Nove dias de sons renascentistas
PUBLICAÇÃO
sábado, 23 de novembro de 1996
Zeca Corrêa Leite 
Durante nove dias - de hoje até o dia 1º de dezembro - as cidades de Curitiba e Paranaguá serão sede do Festival de Música Antiga e Tradição Oral, evento programado pela Secretaria Estadual de Cultura, que será responsável pela vinda de instrumentistas, estudiosos e cantores do gênero. Concertos, palestras, exposição de instrumentos antigos e feiras no Bosque do Papa e no Museu da Imagem e do Som (em Curitiba) formam a programação do encontro.
Da Suíça veio especialmente o conjunto Violadarcho, cujos músicos foram responsáveis pela trilha sonora do filme Todas as Manhãs do Mundo, que impulsionou os europeus a colocarem a música antiga na pauta do dia. Para interpretar obras de Haendel e compositores contemporâneos estará presente o cantor Edson Cordeiro.
São apenas duas das muitas atrações que o público terá no transcorrer do encontro. Palestras e concertos acontecerão em variados endereços da capital, com o Museu da Imagem e do Som, Teatro da Reitoria, Guairão, Igreja da Ordem, Auditório Brasílio Itiberê, Guairinha, Teatro da Federação Espírita, Auditório da Copel, etc.

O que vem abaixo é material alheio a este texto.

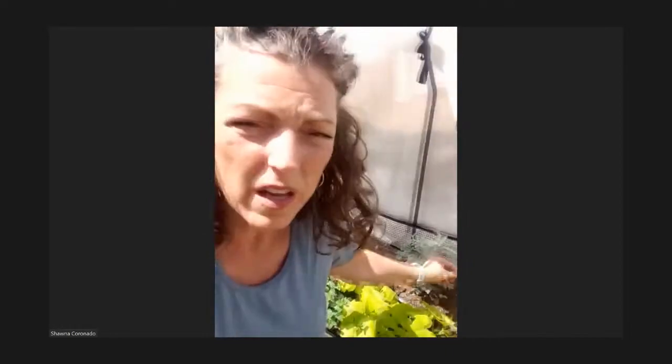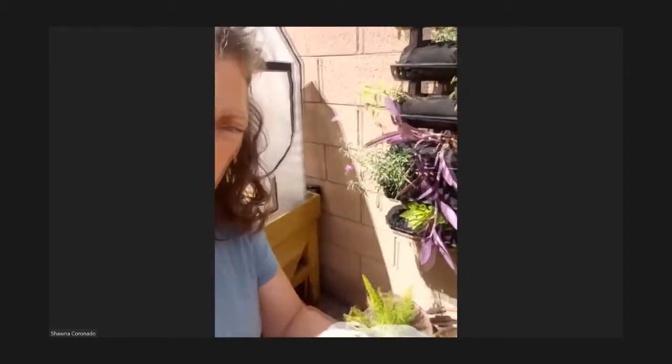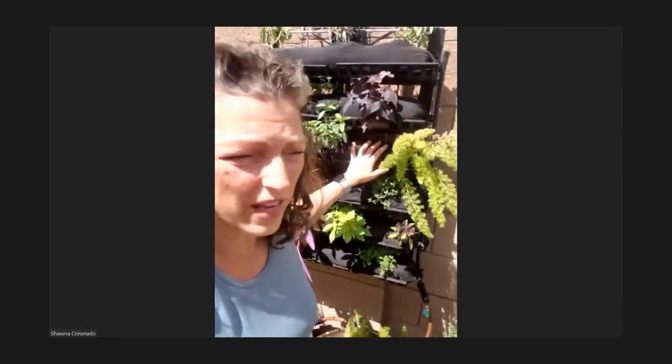I've also put living walls on this side. You can see there's a tube that connects down below and runs to my irrigation line. This smells delicious — it's thyme! With the living wall, I cut holes in the top and plant directly into them. They stay there and are quite successful.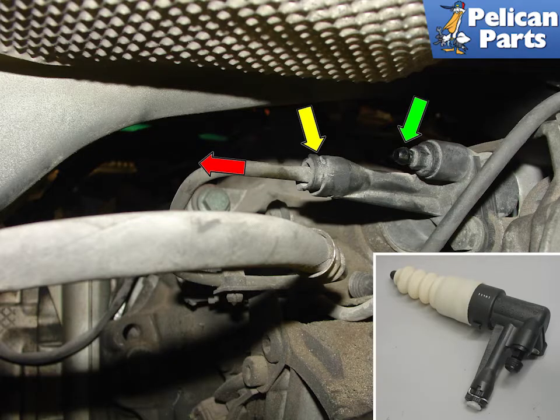Here is a shot of the slave cylinder installed in the car. To disconnect the fluid line, simply remove the metal clip, yellow arrow, and pull the red line out of the bore. The green arrow points to the bleed nipple, which is required for bleeding air out of the clutch system.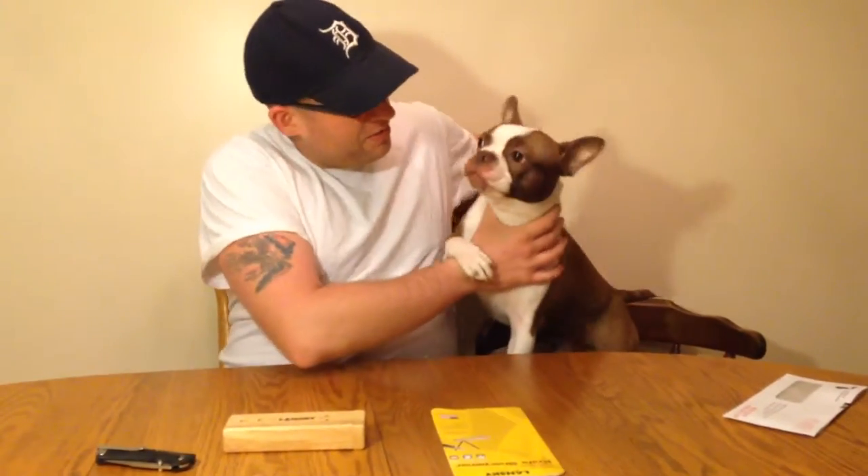Hey YouTube, Michigan Edge here. I'm here to do a quick video live with you. This is my dog Brutus — he insists on being in the video.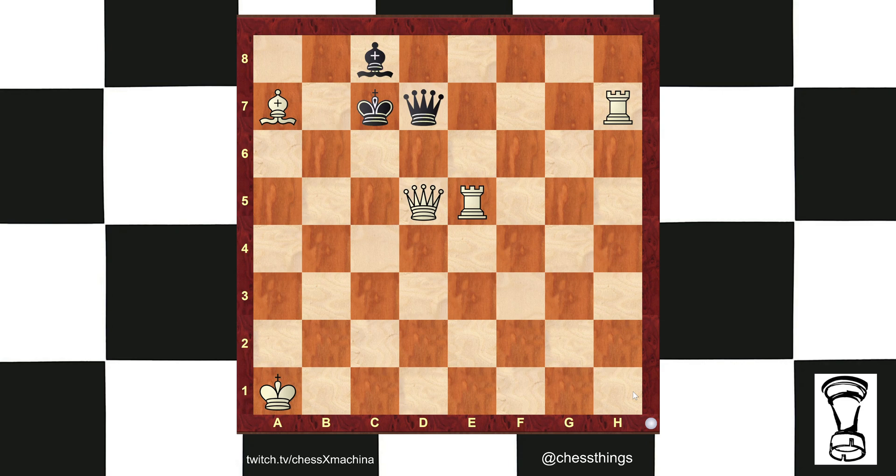Improve your worst piece — that's the technique we're going to use here. Which piece of white, not including the king, is their worst piece? Some students will say the bishop on a7, but no, that bishop restricts b8 and b6. The worst piece is the e5 rook.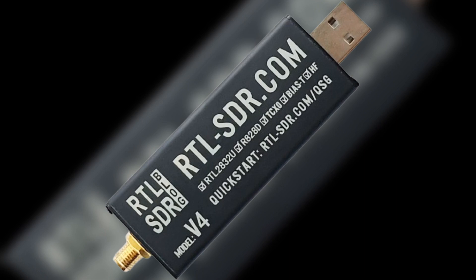Welcome back to my channel. In this video, I will go over the new release of the SDR Blog version 4 dongle, and see what is better about it.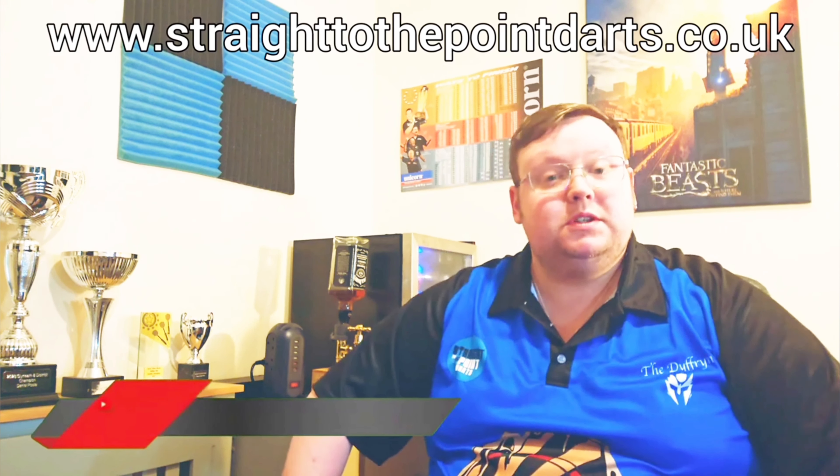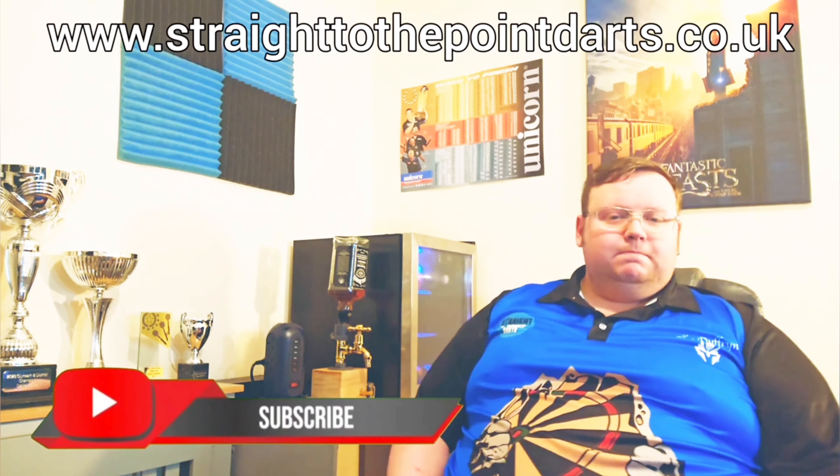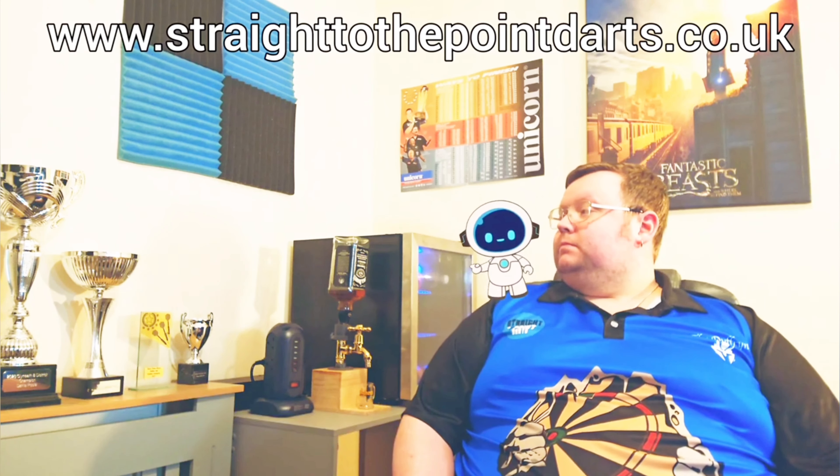But that's it for today. Thank you for watching Straight to the Point. Please remember to like and leave a comment, and as always — subscribe if you love the darts.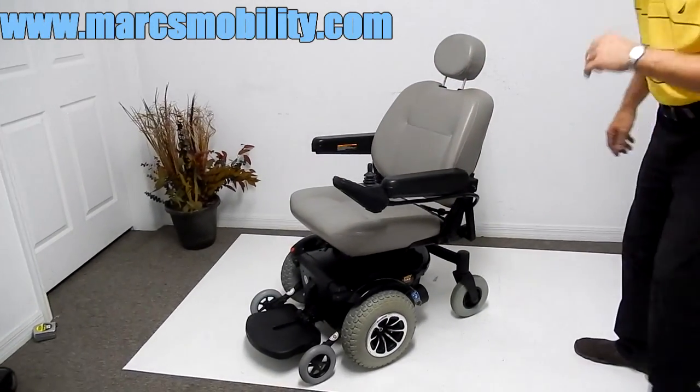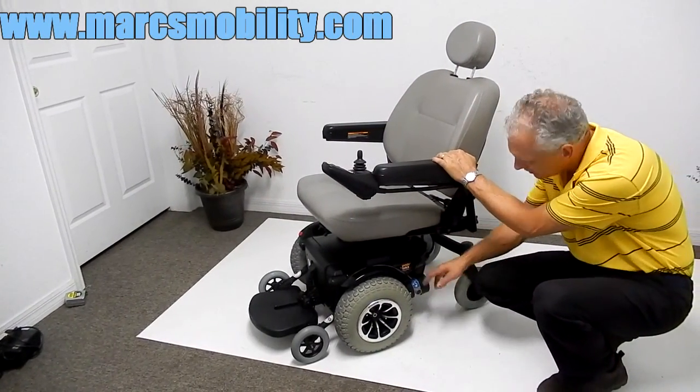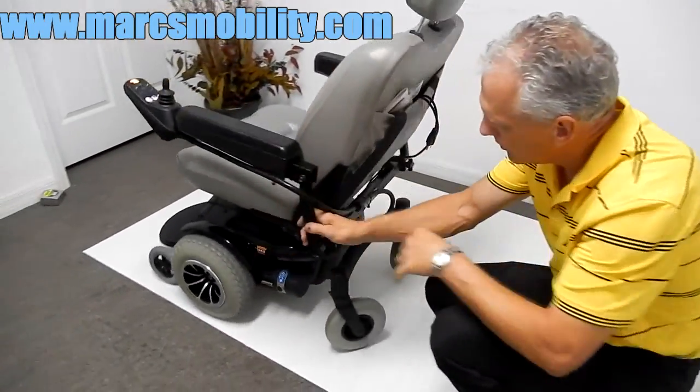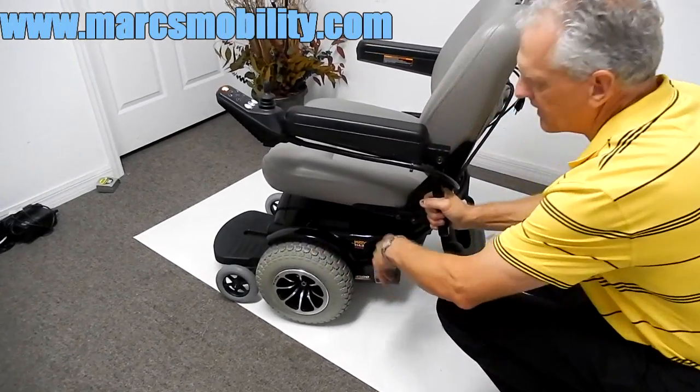If you need to put this chair in neutral, you have two motors — one here and one on the opposite side. There's a handle right on top of the motor. When I pull the handle out, the motor is in free wheel, very easy to move around. Pull it back in and the wheel is locked again.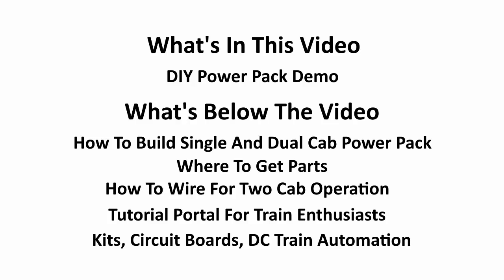There's a link to our tutorial portal for train enthusiasts, and finally we give you links to kits, circuit boards, and many tutorials on DC train automation. Let's get on with the demonstration.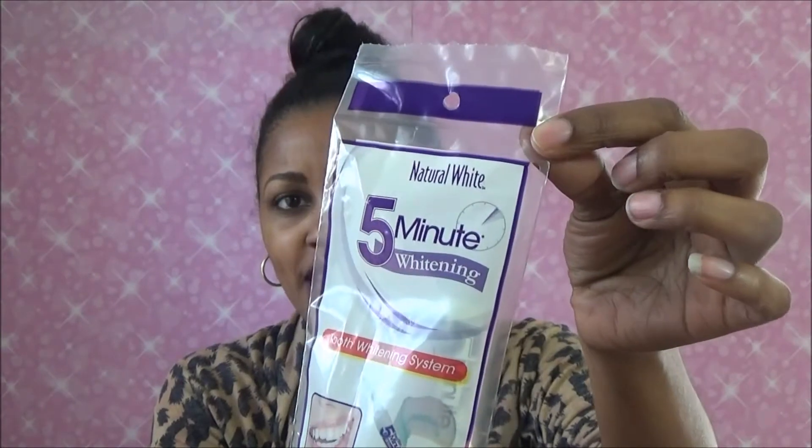I wanted to share with you guys — I went to Dollar Tree a couple days ago. And I'm always in Dollar Tree, by the way. But I went to Dollar Tree and I went in their area where they have the health section, where their toothbrushes and things like that are. And I seen a tooth whitening kit for only a dollar. Like, Dollar Tree. Crazy. This is it right here.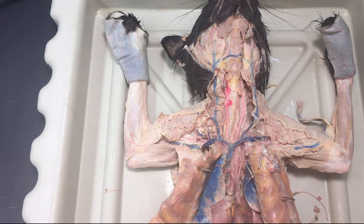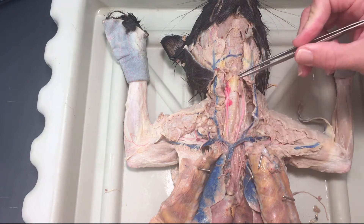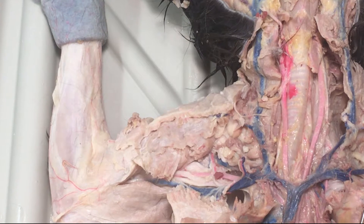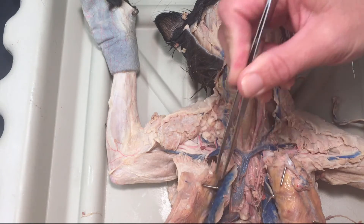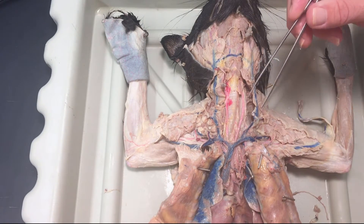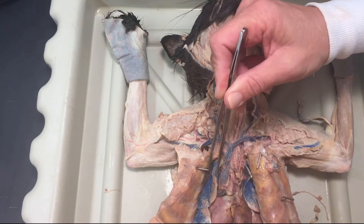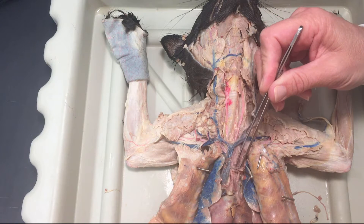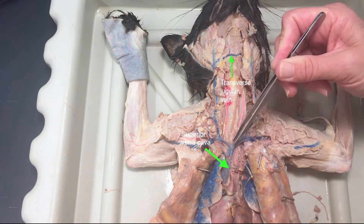I'm going to go over some of these vessels that are here around the neck of the cat and going down the arms. We're coming up from the heart here. We've got this blue blood vessel, so I'll go over the veins first. This, probably not surprisingly, is the superior vena cava, or the pre-cava.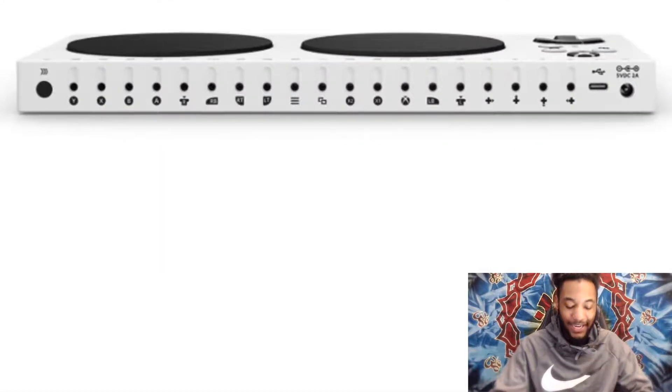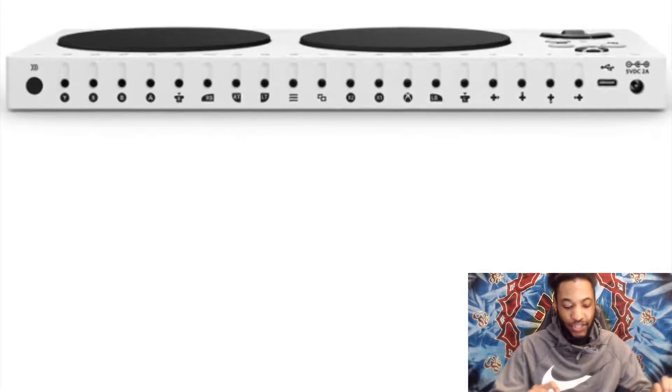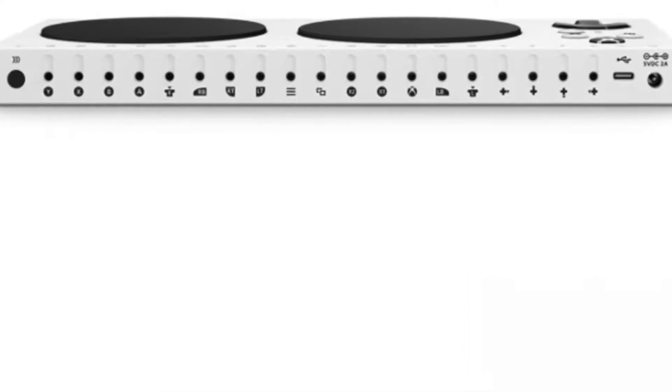There are 19 of them for people to plug in their own kind of accessories — the kind they would love to have for their buttons. On this adapter, there are 19 3.5-millimeter jacks on the back, each corresponding to a different controller button.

O festival está sendo realizado por iniciativa do secretário da Cultura, Eduardo Rocha Virmond. Foi um projeto relâmpago, com os músicos Flávio Stein e Janete Andrade nos postos de diretores artísticos. Eles apostam no sucesso do evento, levando em conta o gosto do curitibano pela arte renascentista. Daqui saíram excelentes profissionais, alguns deles radicados na Europa. A nossa intenção é retomar essa tradição como um reconhecimento à cidade, afirma Janete.
Tradição oral O objetivo do Festival de Música Antiga e Tradição Oral é divulgar um repertório renovador como está acontecendo atualmente na Europa. Parte desse sucesso deve-se ao filme Todas as Manhãs do Mundo, que tinha na trilha sonora peças de Marais e Saint Colombe. Foi um dos fatores a puxar pelo fio da memória do povo.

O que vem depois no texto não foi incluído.